● **Task instructions**
Where an entry below contains an image, skip the image and reproduce the rest exactly.

● **Input data**
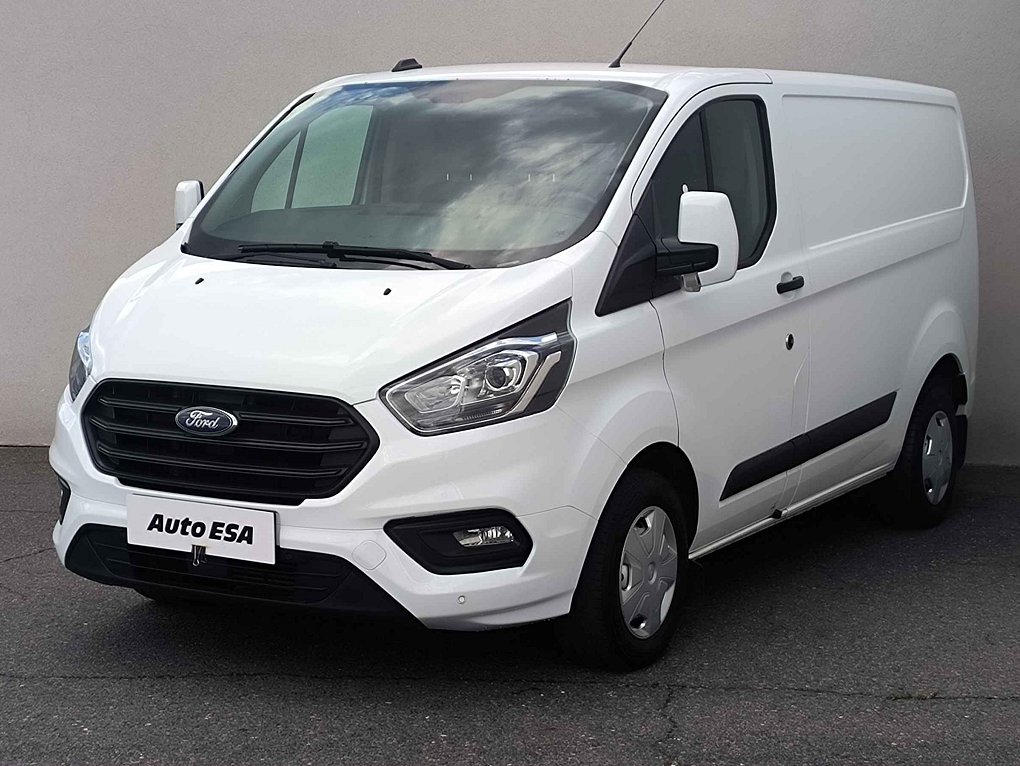 Ford Transit Custom 2.0TDCi Trend SORTIMO
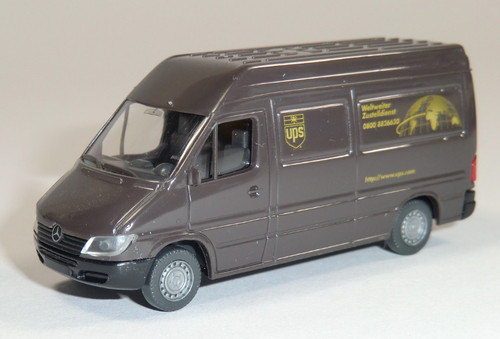 Wiking sprinter 2 kasten - mb,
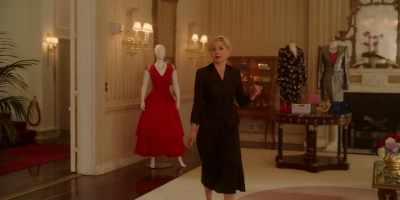Oh! Thank, Dior.
Alexandra Cabot, - Katy Keene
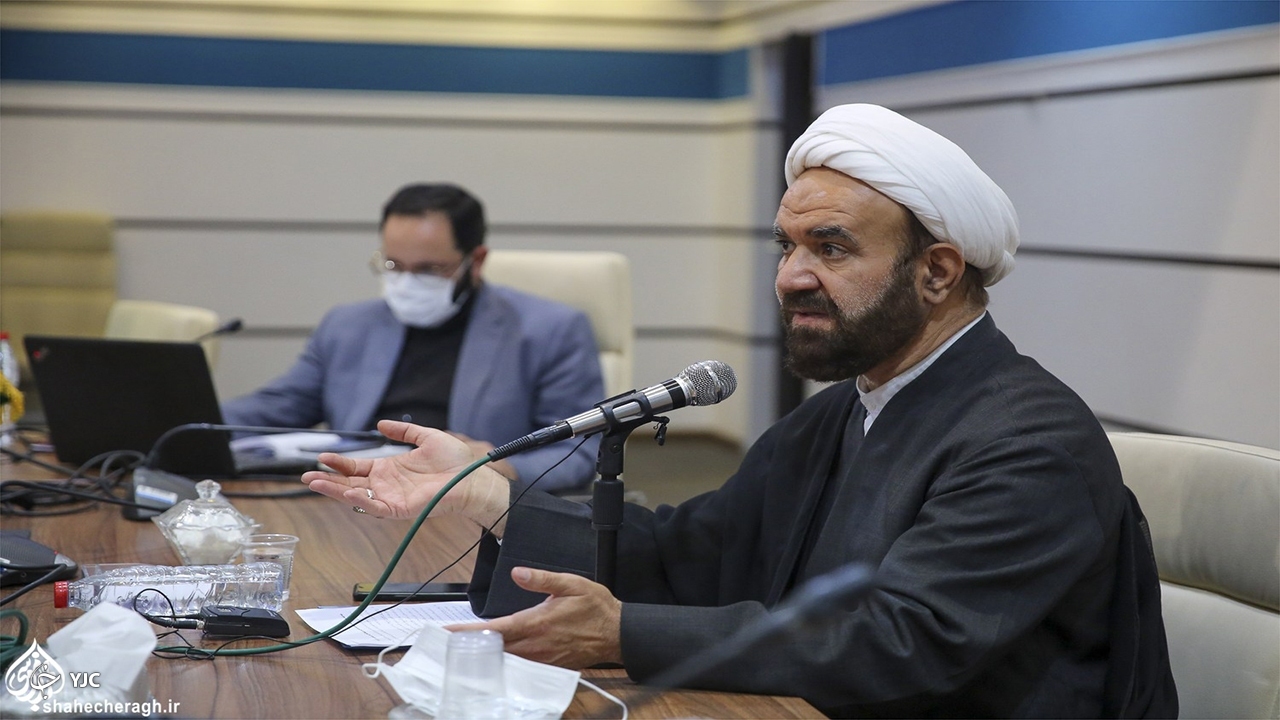 حاکمیتی مجاز و مشروع است که به اذن الله باشد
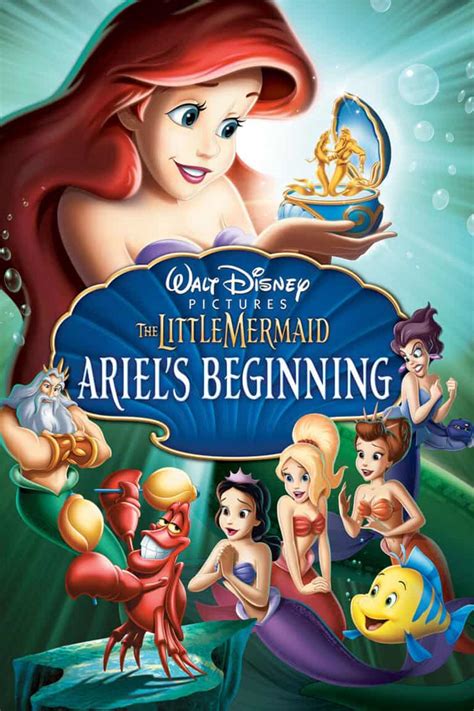 Top Mermaid Movies for Kids: Fun and Educational Picks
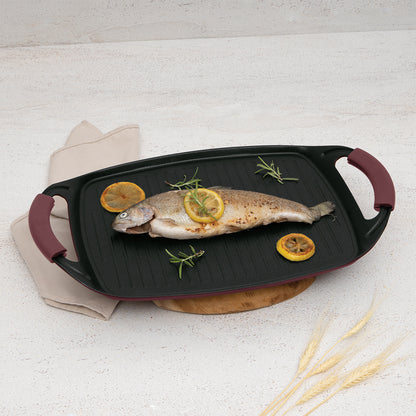 Tavă Grill (47 x 29 cm)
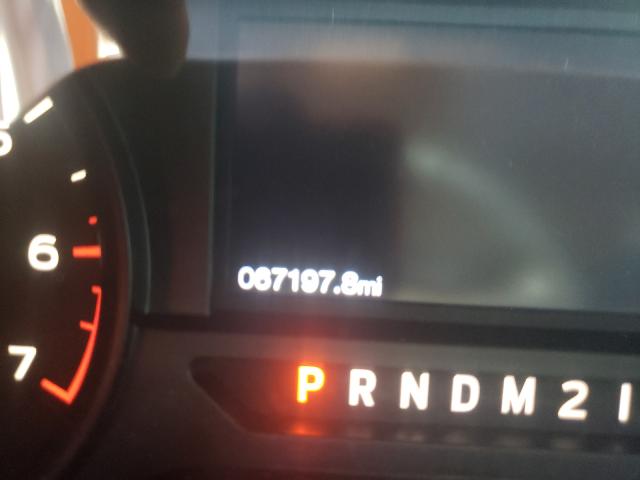 Photo 8 from auction – 2016 FORD F150 SUPER with VIN 1FTEX1CP1GKF41573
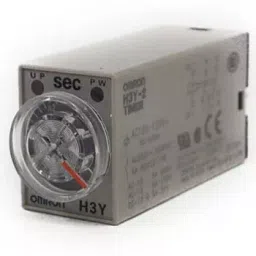 Omron Solid State Timer H3Y-2 (AC Power Supply) 2088922 - Made In Japan-picture-24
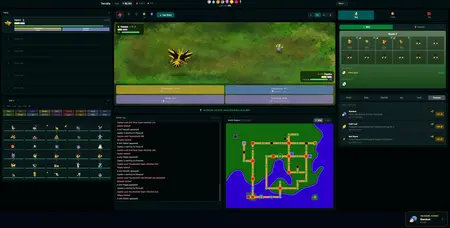 Tairidle screenshot
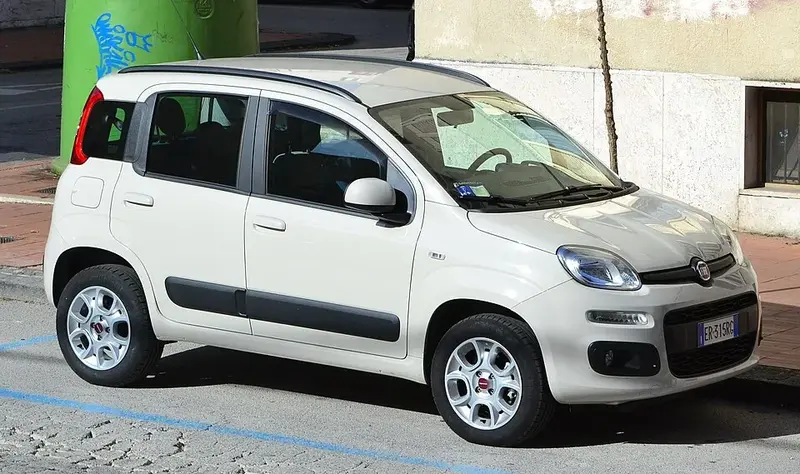 Fiat Panda - 3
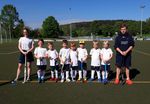 U8 STARTET IN DIE FELDSAISON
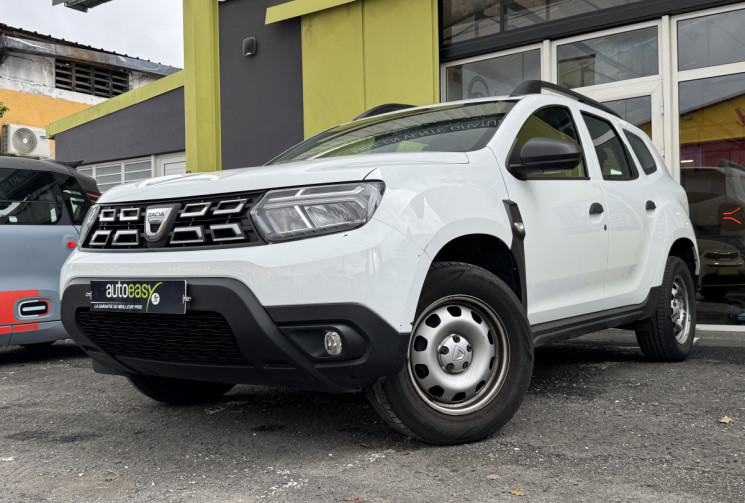 Dacia Duster II Phase 2 1.0 Tce 12V 4x2 90 cv Essentiel // Chaine de distribution // Peu kilométré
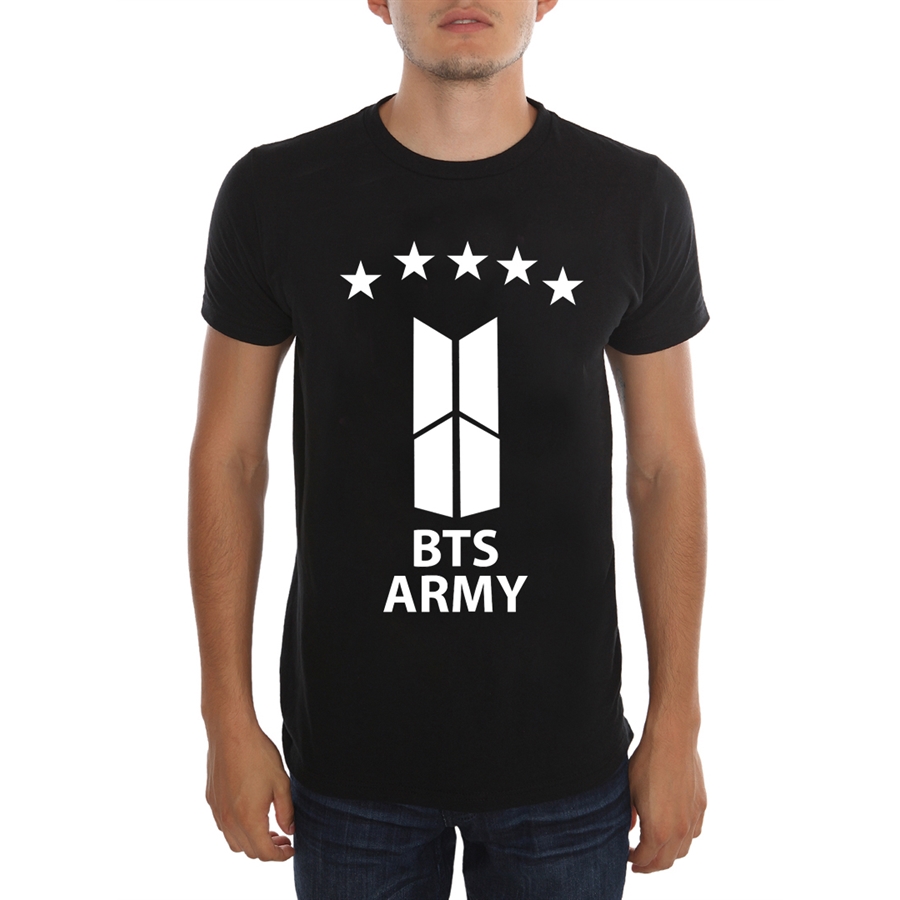 K-Pop - Bts Army Stars  Unisex T-Shirt
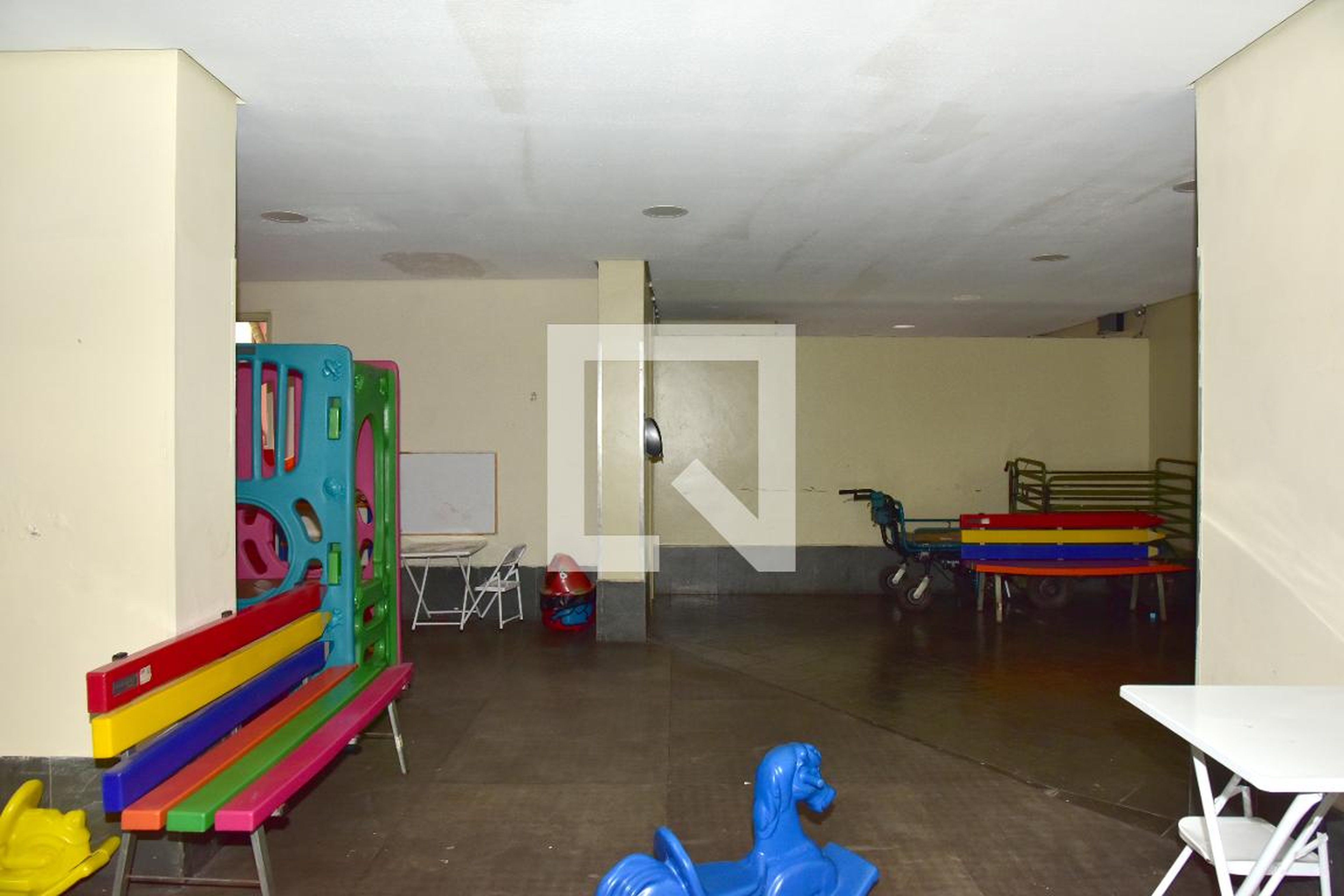 Brinquedoteca - Riviera Francesa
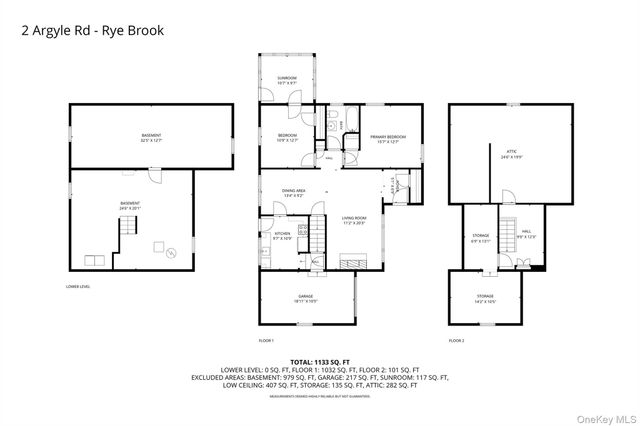 2 Argyle Road, Rye Brook, NY 10573
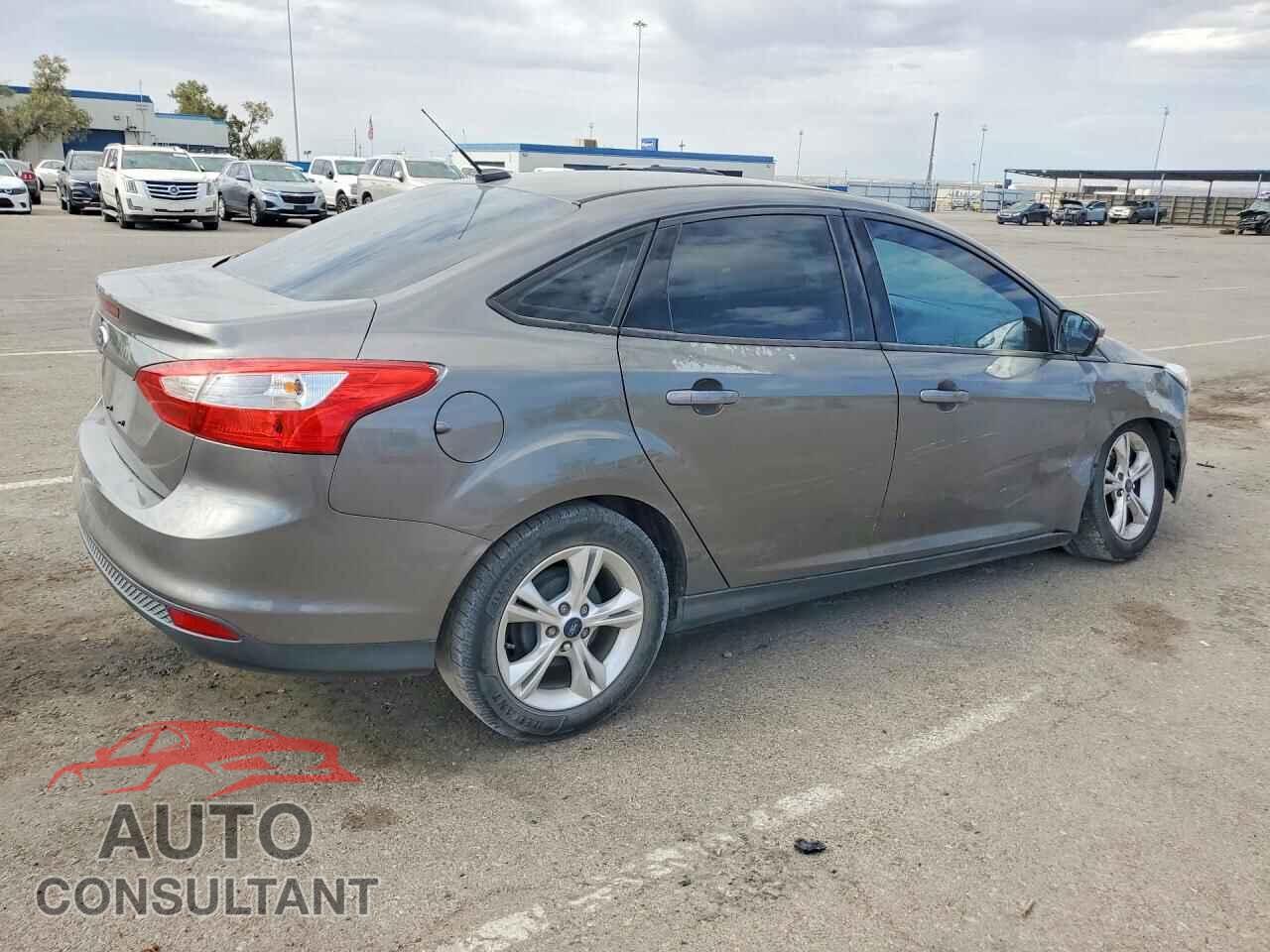 FORD FOCUS 2014 - 1FADP3F29EL249349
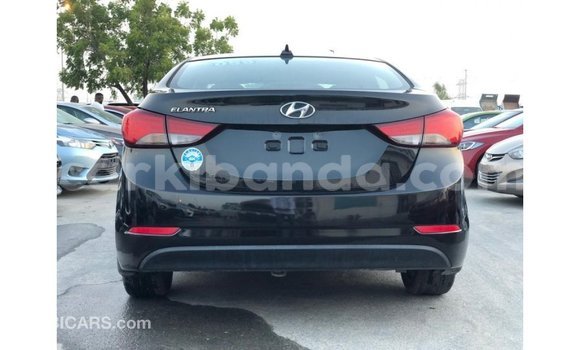 Buy Import Hyundai Elantra Black Car in Import - Dubai in Uganda Buy Import Hyundai Elantra Black Car in Import - Dubai in Uganda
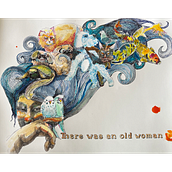 My project for course: Ink Illustration: Develop Your Visual Language. Un progetto di Belle arti, Disegno, Illustrazione con inchiostro e Illustrazione editoriale di dianetigue3 - 07.08.2022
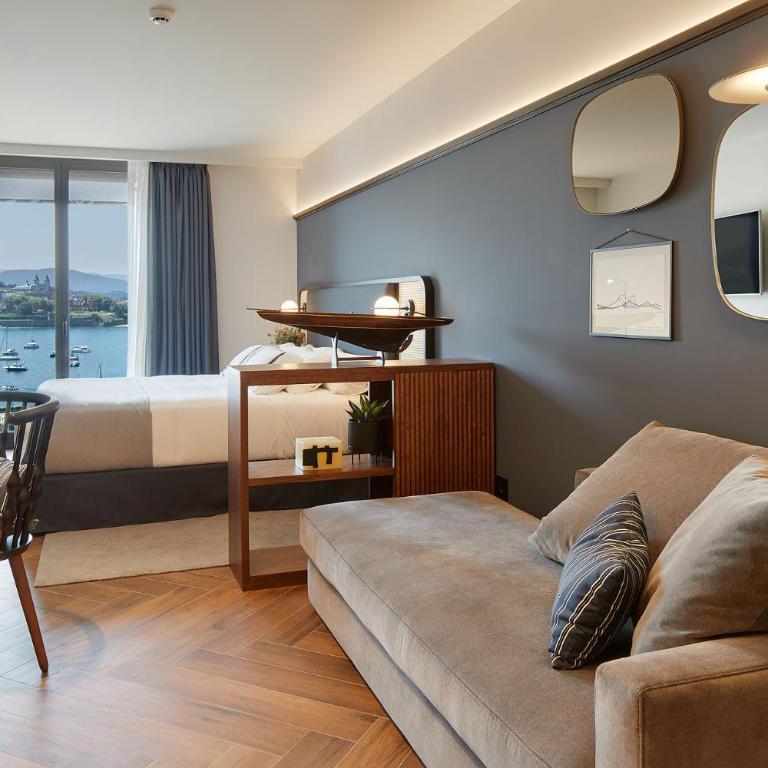 Hotel SANSEbay - Habitación Doble Premium con vistas al mar - 4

● **Answer section**
 Ford Transit Custom 2.0TDCi Trend SORTIMO
 Wiking sprinter 2 kasten - mb,
Oh! Thank, Dior.
Alexandra Cabot, - Katy Keene
 حاکمیتی مجاز و مشروع است که به اذن الله باشد
 Top Mermaid Movies for Kids: Fun and Educational Picks
 Tavă Grill (47 x 29 cm)
 Photo 8 from auction – 2016 FORD F150 SUPER with VIN 1FTEX1CP1GKF41573
 Omron Solid State Timer H3Y-2 (AC Power Supply) 2088922 - Made In Japan-picture-24
 Tairidle screenshot
 Fiat Panda - 3
 U8 STARTET IN DIE FELDSAISON
 Dacia Duster II Phase 2 1.0 Tce 12V 4x2 90 cv Essentiel // Chaine de distribution // Peu kilométré
 K-Pop - Bts Army Stars  Unisex T-Shirt
 Brinquedoteca - Riviera Francesa
 2 Argyle Road, Rye Brook, NY 10573
 FORD FOCUS 2014 - 1FADP3F29EL249349
 Buy Import Hyundai Elantra Black Car in Import - Dubai in Uganda Buy Import Hyundai Elantra Black Car in Import - Dubai in Uganda
 My project for course: Ink Illustration: Develop Your Visual Language. Un progetto di Belle arti, Disegno, Illustrazione con inchiostro e Illustrazione editoriale di dianetigue3 - 07.08.2022
 Hotel SANSEbay - Habitación Doble Premium con vistas al mar - 4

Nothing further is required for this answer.